### EXERCISE GOAL
Your answer must be only the lines below from the one containing "Today I do some" through the one containing "It is Saturday, July", copied exactly, with the pictures left out.

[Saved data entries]
Content starts

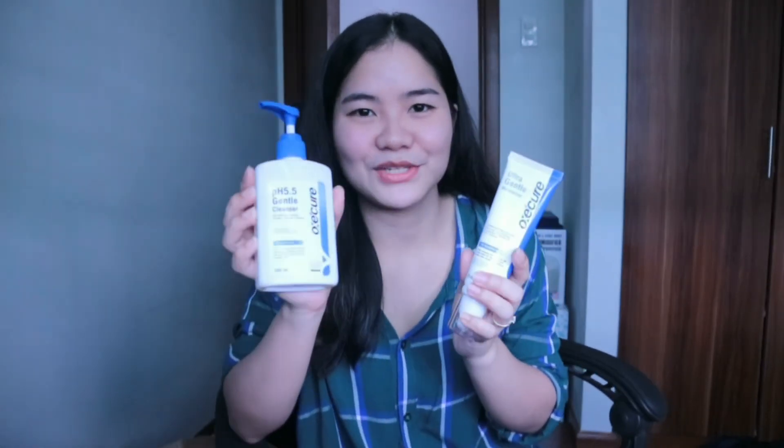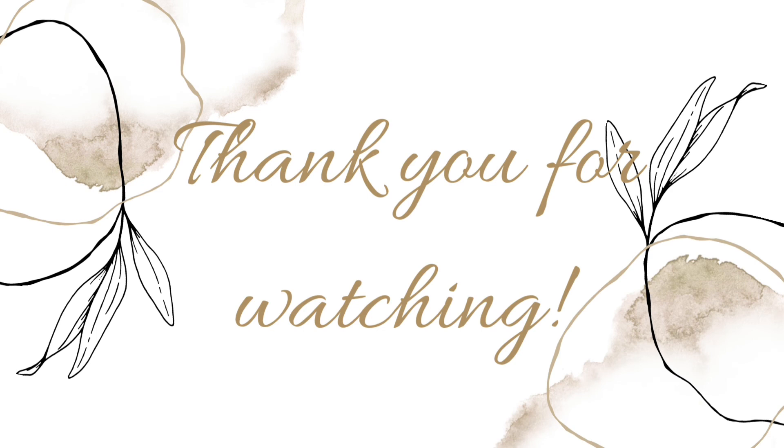I hope this video helped you decide whether to try the OxyCure brand — the Ultra Gentle Moisturizer and the Gentle Skin Cleanser. Thank you for watching, and I hope you can subscribe and like this video. See you in my next review. Thank you and take care!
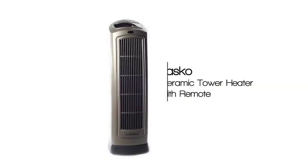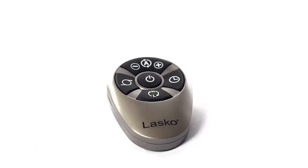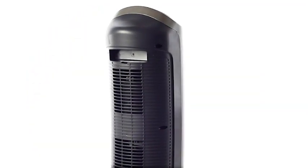The Lasko remote control ceramic heater with digital display keeps you comfortable in any climate. With a multifunction remote control, digital readout, and a programmable thermostat, this heater is versatile enough for most rooms and can be easily transported with the built-in carry handle.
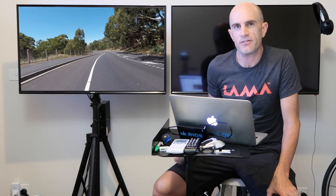Today I do some backyard science, well out on the road, to see if the placement of your Garmin has any impact on the altimeter reading.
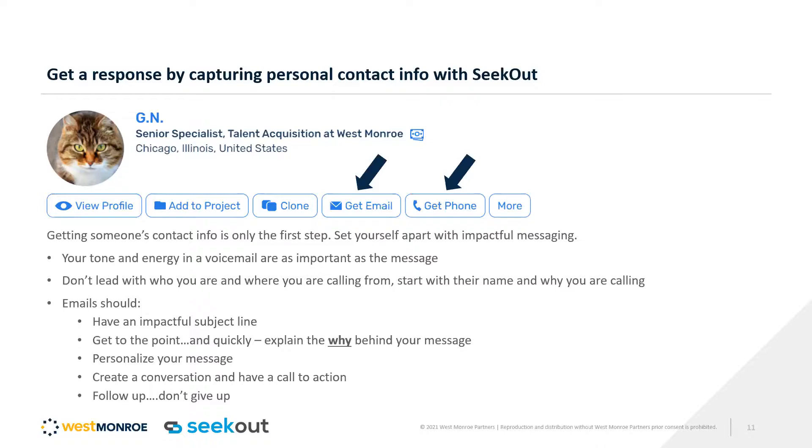Every recruiter is going to be using LinkedIn Recruiter — we all use those tools. But that means all of these high-quality candidates are also being contacted via InMail. So you need to find different ways to get to these people. This feature in SeekOut — you can leverage their email and get their phone number — gives you that chance to get in the door and make that impact.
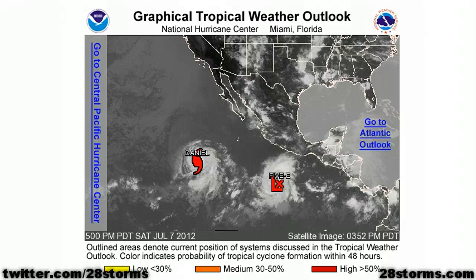It is Saturday, July 7th, and this is your 28storms.com tropical update. The good news is that all of the action remains in the eastern Pacific, and all of the storms that are forming are continuing to move away from Mexico.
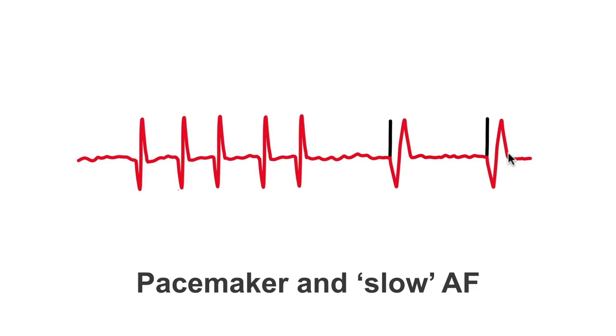The pacemaker delivers an output pulse into the ventricles and creates this broader pacing complex. This will alleviate any symptoms the patient is having as a result of a significantly slow heart rate or significant pauses. We don't need an atrial lead because we know this person is in atrial fibrillation and all this information is garbage.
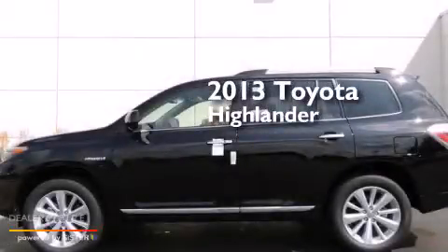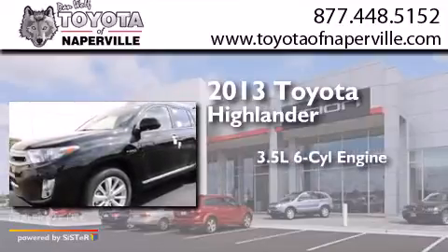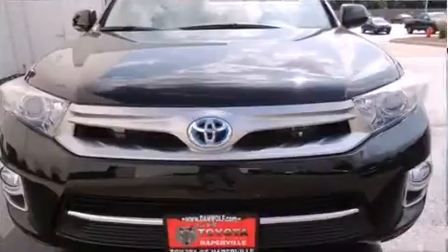This is a brand new 2013 Toyota Highlander. It has a 3.5-liter, six-cylinder engine, a continuous variable transmission, and all-wheel drive.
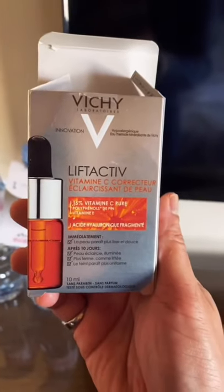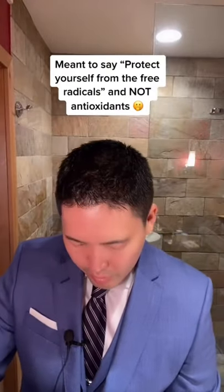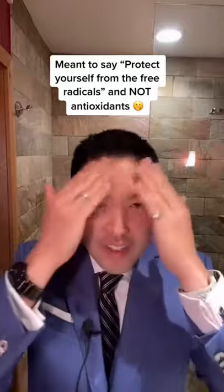Then I apply Vichy's Liftactiv 15% ascorbic acid serum. Do about four to five drops onto your face to protect your face with antioxidants before going out, taking pictures, watching the ceremony.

Content ends

### RESPONSE
Today I do some backyard science, well out on the road, to see if the placement of your Garmin has any impact on the altimeter reading.
Every recruiter is going to be using LinkedIn Recruiter — we all use those tools. But that means all of these high-quality candidates are also being contacted via InMail. So you need to find different ways to get to these people. This feature in SeekOut — you can leverage their email and get their phone number — gives you that chance to get in the door and make that impact.
It is Saturday, July 7th, and this is your 28storms.com tropical update. The good news is that all of the action remains in the eastern Pacific, and all of the storms that are forming are continuing to move away from Mexico.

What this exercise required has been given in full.